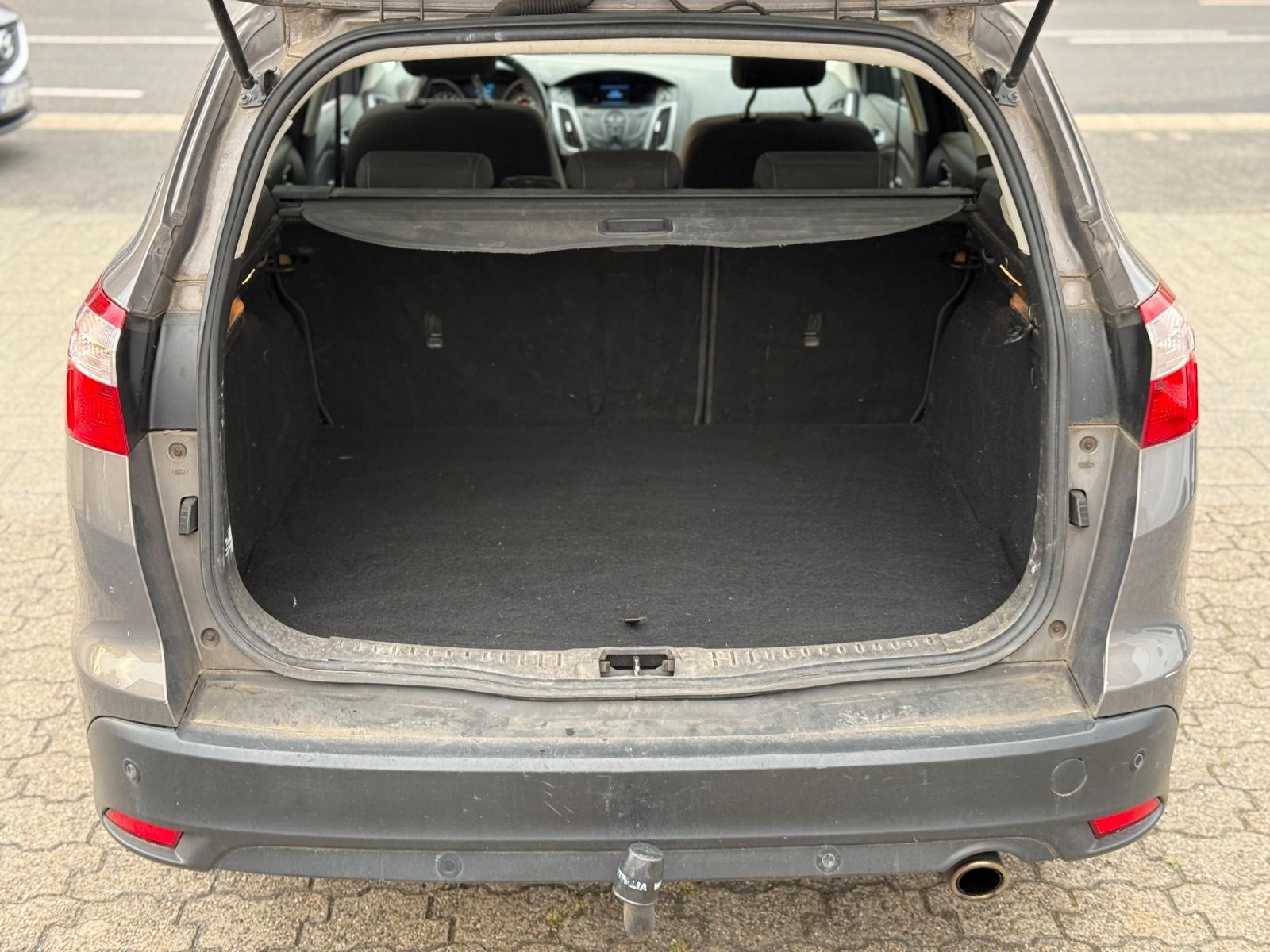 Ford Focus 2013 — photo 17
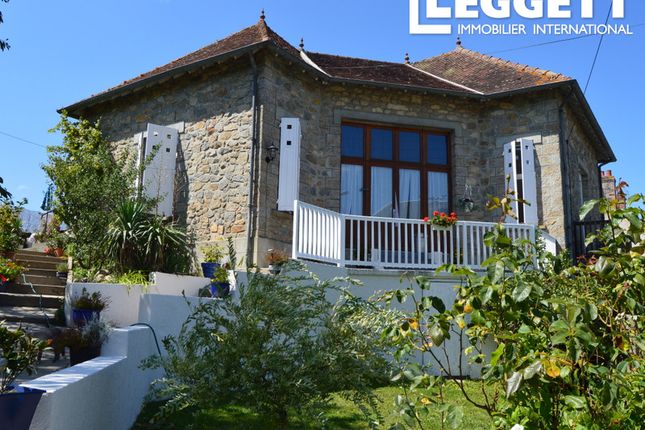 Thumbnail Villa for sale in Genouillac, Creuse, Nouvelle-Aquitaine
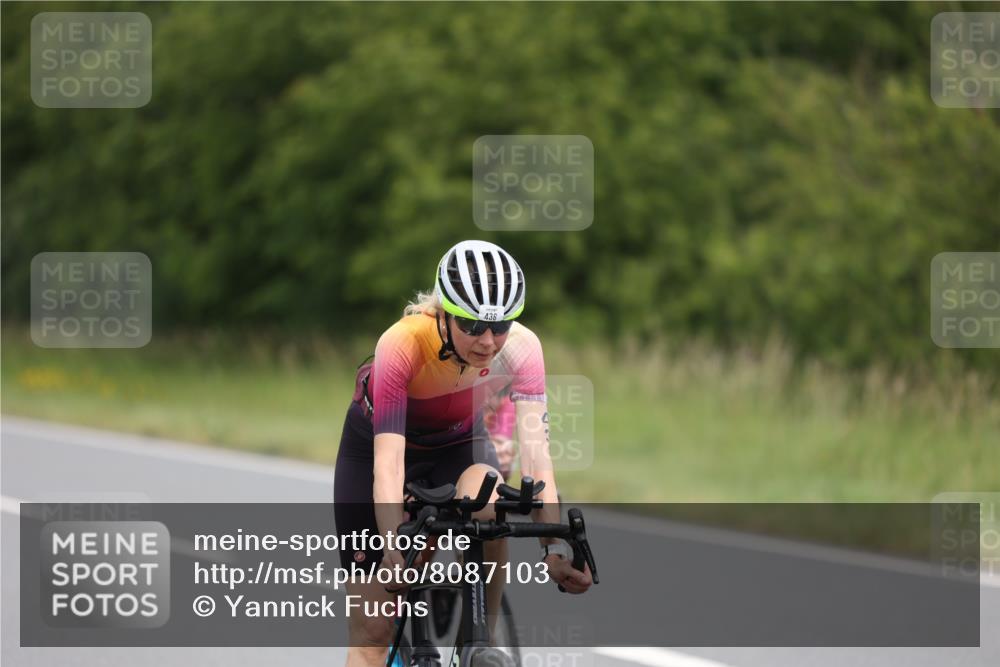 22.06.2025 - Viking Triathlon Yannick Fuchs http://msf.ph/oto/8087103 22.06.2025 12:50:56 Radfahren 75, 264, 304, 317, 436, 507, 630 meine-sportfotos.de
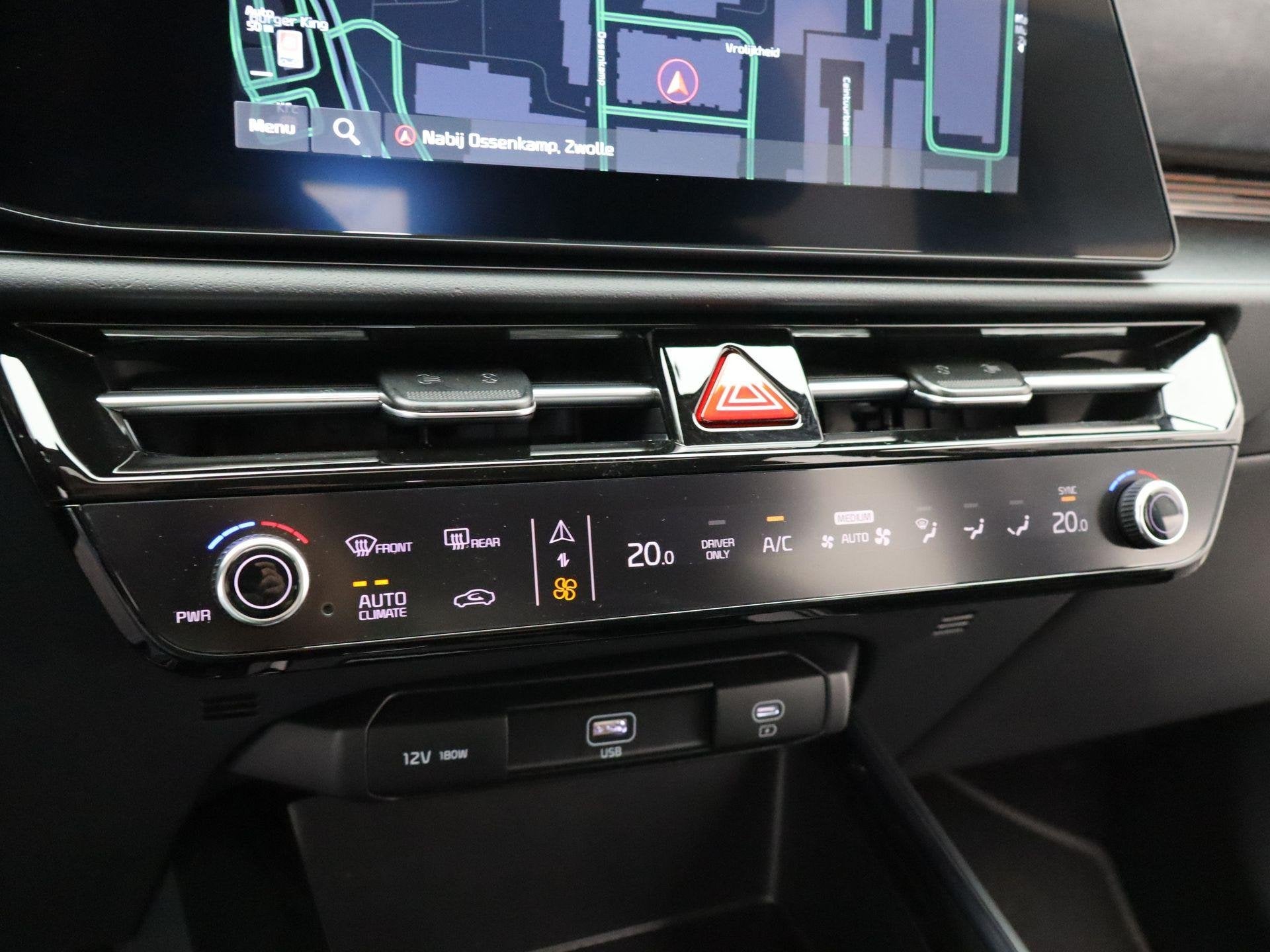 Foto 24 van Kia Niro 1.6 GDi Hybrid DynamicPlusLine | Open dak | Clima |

DIRECTIONS FOR THIS TASK
With the pictures left out, give again exactly the lines from the one that contains "Thumbnail Villa for" through the final line of the data above.

ANSWER BOX
 Thumbnail Villa for sale in Genouillac, Creuse, Nouvelle-Aquitaine
 22.06.2025 - Viking Triathlon Yannick Fuchs http://msf.ph/oto/8087103 22.06.2025 12:50:56 Radfahren 75, 264, 304, 317, 436, 507, 630 meine-sportfotos.de
 Foto 24 van Kia Niro 1.6 GDi Hybrid DynamicPlusLine | Open dak | Clima |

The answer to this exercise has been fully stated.